Siggi wusste nicht, was er tun sollte. Plötzlich trat Koch vor, nahm den linken Arm, riss ihn aus dem Ärmel des Mantels, ließ sich nicht von dem erneuten Schmerzensschrei ablenken und rollte den Ärmel des Pullovers nach oben, packte das Handgelenk und drehte die Innenseite des Arms zu sich.
Oberhalb des Ellenbogens trug der Mann einen verschmierten Verband.

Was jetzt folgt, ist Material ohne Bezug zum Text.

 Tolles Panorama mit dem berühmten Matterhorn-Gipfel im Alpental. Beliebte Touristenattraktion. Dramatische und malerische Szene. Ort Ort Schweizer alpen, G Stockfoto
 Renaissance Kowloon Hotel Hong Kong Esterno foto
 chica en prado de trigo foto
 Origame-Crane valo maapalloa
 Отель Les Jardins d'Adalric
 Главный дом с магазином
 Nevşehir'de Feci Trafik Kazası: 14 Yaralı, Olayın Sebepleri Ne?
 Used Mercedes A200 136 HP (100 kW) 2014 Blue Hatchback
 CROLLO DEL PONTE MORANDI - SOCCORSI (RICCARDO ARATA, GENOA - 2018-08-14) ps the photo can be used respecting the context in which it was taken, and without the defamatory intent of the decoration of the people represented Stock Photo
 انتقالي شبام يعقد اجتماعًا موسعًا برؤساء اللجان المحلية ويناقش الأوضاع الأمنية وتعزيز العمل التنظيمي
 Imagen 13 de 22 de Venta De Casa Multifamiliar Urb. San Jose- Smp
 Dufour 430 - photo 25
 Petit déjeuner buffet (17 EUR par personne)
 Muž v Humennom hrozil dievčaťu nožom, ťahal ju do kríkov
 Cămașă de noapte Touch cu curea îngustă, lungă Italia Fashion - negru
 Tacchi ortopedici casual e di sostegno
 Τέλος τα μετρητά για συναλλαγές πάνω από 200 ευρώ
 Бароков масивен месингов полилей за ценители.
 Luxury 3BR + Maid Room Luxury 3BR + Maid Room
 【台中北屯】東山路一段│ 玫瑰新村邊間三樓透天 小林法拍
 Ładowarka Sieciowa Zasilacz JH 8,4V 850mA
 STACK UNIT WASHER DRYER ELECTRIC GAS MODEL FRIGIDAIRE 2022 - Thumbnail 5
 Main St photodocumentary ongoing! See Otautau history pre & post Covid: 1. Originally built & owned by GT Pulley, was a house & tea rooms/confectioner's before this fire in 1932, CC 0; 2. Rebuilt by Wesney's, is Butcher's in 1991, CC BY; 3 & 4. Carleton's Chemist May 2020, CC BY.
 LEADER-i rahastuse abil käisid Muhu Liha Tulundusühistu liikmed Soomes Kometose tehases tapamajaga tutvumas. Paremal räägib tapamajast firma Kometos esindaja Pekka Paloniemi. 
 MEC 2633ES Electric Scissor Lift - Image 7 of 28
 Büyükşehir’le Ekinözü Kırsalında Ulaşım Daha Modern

„Was ist das?“, herrschte Koch ihn an.
„Was wohl? Eine Verletzung“, blaffte der Mann zurück. Seine Augen flackerten.
„Woher?“
„Woher? Woher? Eben eine Verletzung. Schussverletzung. Es war Krieg, Mann. Haben Sie wohl nicht mitbekommen. Bei Mami im Bett gelegen, oder was?“
So schnell, dass Siggi es nicht mitbekam, schlug Koch dem Mann mit der flachen Hand ins Gesicht, griff nach dem Verband und schob ihn nach unten.
Eine eiternde, etwa fünf Zentimeter große Wunde kam zum Vorschein.
„Schusswunde, ja?“, herrschte Koch den Mann an. „Schusswunde, ja?“, wiederholte der Kommissar noch einmal und er erschien Siggi wie von Sinnen. „Feindeinwirkung oder selbst beigebracht? Sieht noch ziemlich frisch aus.“
Mit zornigen Blicken sah der Mann Koch an, versuchte sich aus dessen Griff zu lösen, aber der Kommissar hielt ihn eisern umklammert.
„Feindeinwirkung. Natürlich Feindeinwirkung. Was denn sonst?“
„Das wissen Sie doch selbst besser. Welche Blutgruppe haben Sie denn?“
„Davon verstehen Sie nichts. Wenn wir …“ Der Mann hielt inne.
„Ja, weiter! Bringen Sie Ihren Satz zu Ende!“
Trotziges Schweigen war die Antwort.
Koch wandte sich ab. Ihn ekelte der Mann, das war ihm deutlich anzusehen. Siggi verstand zwar nicht warum und was hier gerade passierte, aber er spürte, dass er im Moment auch nicht fragen durfte.
„Machen Sie weiter, Siggi. Fragen Sie ihn, ob er was gesehen hat!“
Damit ging er ein Stück zur Seite und vermied es, den Mann ansehen zu müssen.
„Ja, habe ich gehört“, antwortete dieser auf Siggis Frage nach dem Unfall.